As an example from a very early draft, here’s a short excerpt:
Understanding strings in Inform 6
Most people with even passing familiarity with another programming language will understand the concept of a string as a piece of text, i.e. a series of characters in a certain order.
In some programming languages, such as C, storage for a string takes the form of a memory address. The first character of the string is at that address, and each successive address contains the next character in the string. A special terminator character marks the end of the sequence of characters that comprise the string. As an example, consider the string "cat"
in C. It would be stored in memory somewhere, say at address 1000
. The first character c
is stored at address 1000
, a
is stored at 1001
, t
is stored at 1002
, and the terminator character marking the end of the string is stored at 1003
. [diagram here]
Under this storage scheme, if you know the starting address you can access individual characters within the string by adding an offset to the memory address of the string (i.e. the address of the string’s first character). The offset is usually thought of as zero-indexed, so the offset is one less than the ordinal position of the character sought. For example, to find the second character (a
) in "cat"
, the memory position to examine is 1000+2-1
or 1001
.
It is important to understand that in the majority of cases this is not how strings are stored in Inform 6.
As discussed in the section on the Z-Machine memory model (see [cross-ref]), memory in the Z-machine is segmented into addressable and packed segments. Most strings found in the source code – such as those used to provide descriptions of rooms and objects and to specify responses to actions – will be consigned to packed memory by the compiler. The running game cannot directly access the memory locations in packed memory; it must rely on the interpreter to do so. As a result, there is no way for the running game to even ask for the second character in a packed string. All it can do is ask the interpreter to print the whole string starting at a particular location (the packed string’s starting point) in packed memory. This is what the “printing rule” (string)
does.
As also discussed (see [cross-ref]), packed memory is static and can’t be changed at run-time. This is why it is not possible to modify most strings (being held in packed memory) while the game is running.

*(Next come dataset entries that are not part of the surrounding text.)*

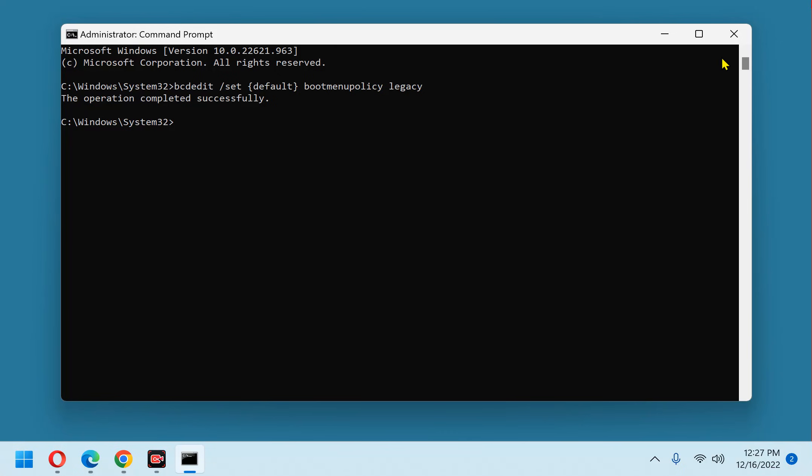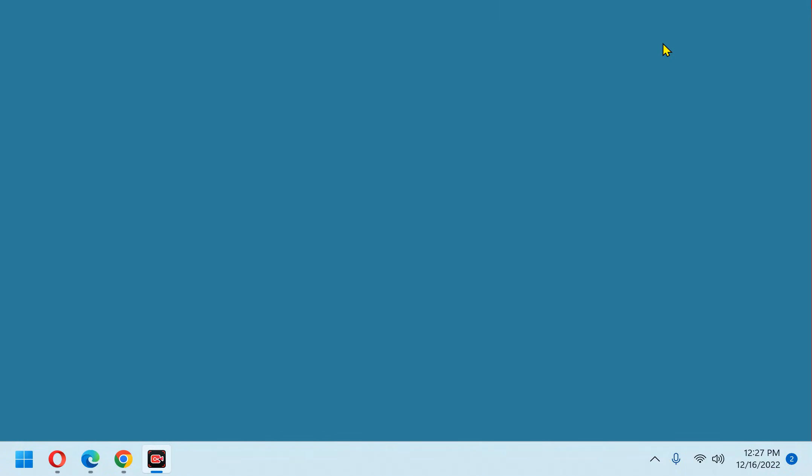Now you can click that X to close the command prompt window. That's all there is to it. The F8 key should now be enabled for booting into safe mode.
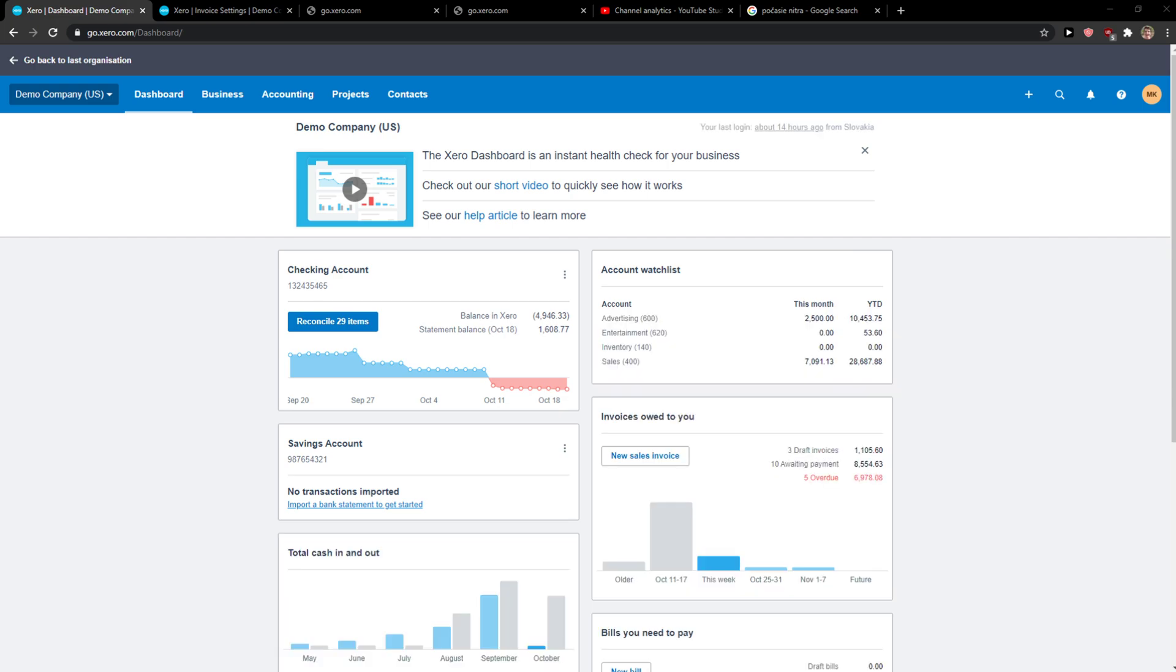Hey everybody, my name is Markus and in this video I'll show you a simple way how you can simply change invoice template in Xero. So let's start.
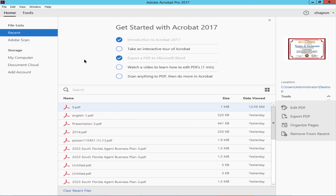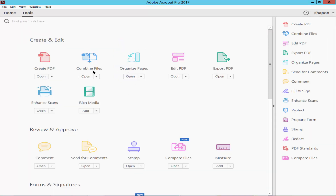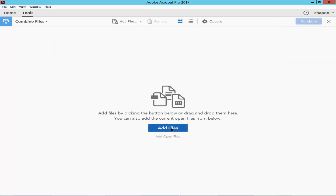Assalamualaikum. In this video I will show you how to combine multiple JPG images into one PDF file using Adobe Acrobat Pro. Let's get started. Go to the Tools menu, click Combine Files, and add the images.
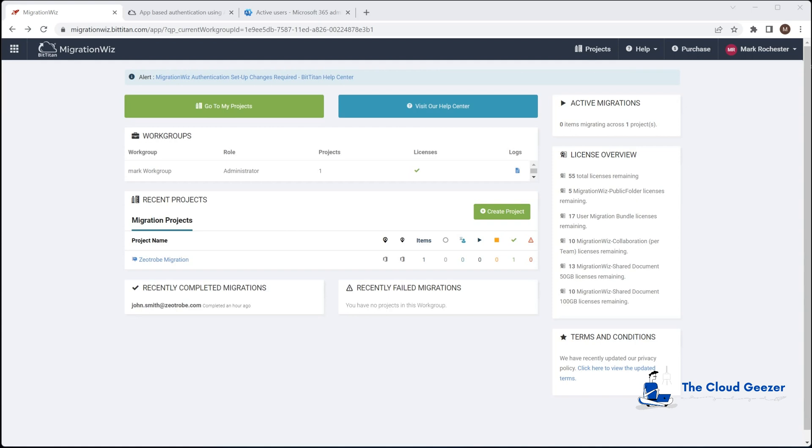Hello and welcome. In this session we're going to be setting up a new project in the BitTitan MigrationWiz tool for OneDrive and SharePoint.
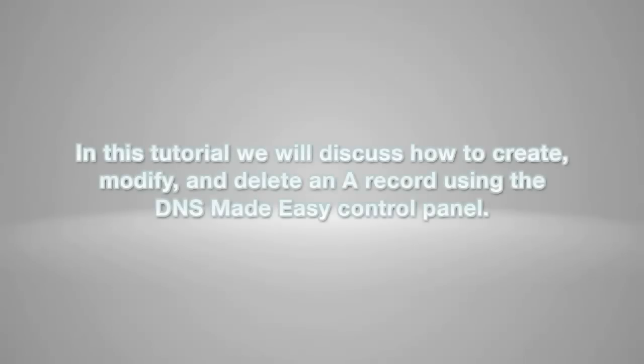In this tutorial, we will discuss how to create, modify, and delete an A record using the DNS Made Easy control panel.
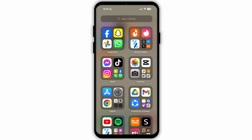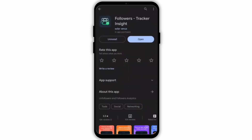For that, you need to install another app from the Play Store or App Store. Open the App Store on your device, or if you use an Android device, open the Google Play Store. Search for the app called Followers Tracker Insight and simply install it. If you've already installed it, check for updates. After installing, open the app.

However, not every string literal in the source code is destined to become a packed string. If a string literal is used to initialize an array, then the compiler treats the declaration as equivalent to asking for an array to be built with each storage unit (byte or word) of the array populated by the successive characters of the string literal. Note that, unlike in C, no terminator character is included at the end of the sequence in this case, though for some array variants (see [cross-ref]) the number of characters in the string will be stored where it can be easily accessed.
This text will refer to such arrays containing unterminated sequences of characters as “pseudo-strings.” Built-in support for pseudo-strings is limited. The (string)
printing rule does not work with these pseudo-strings. The String
metaclass does not apply to pseudo-strings. The burden is very much on the author to deal with these constructs… [go on to define some routines that might be useful and/or cite useful extensions or StdLib routines that may exist]
This is the kind of thing I meant about a “sliding scale” of technical detail intended to be useful for both programming newbies and those with programming experience whose expectations have been set by other languages.
Would a whole book of this sort of stuff be useful?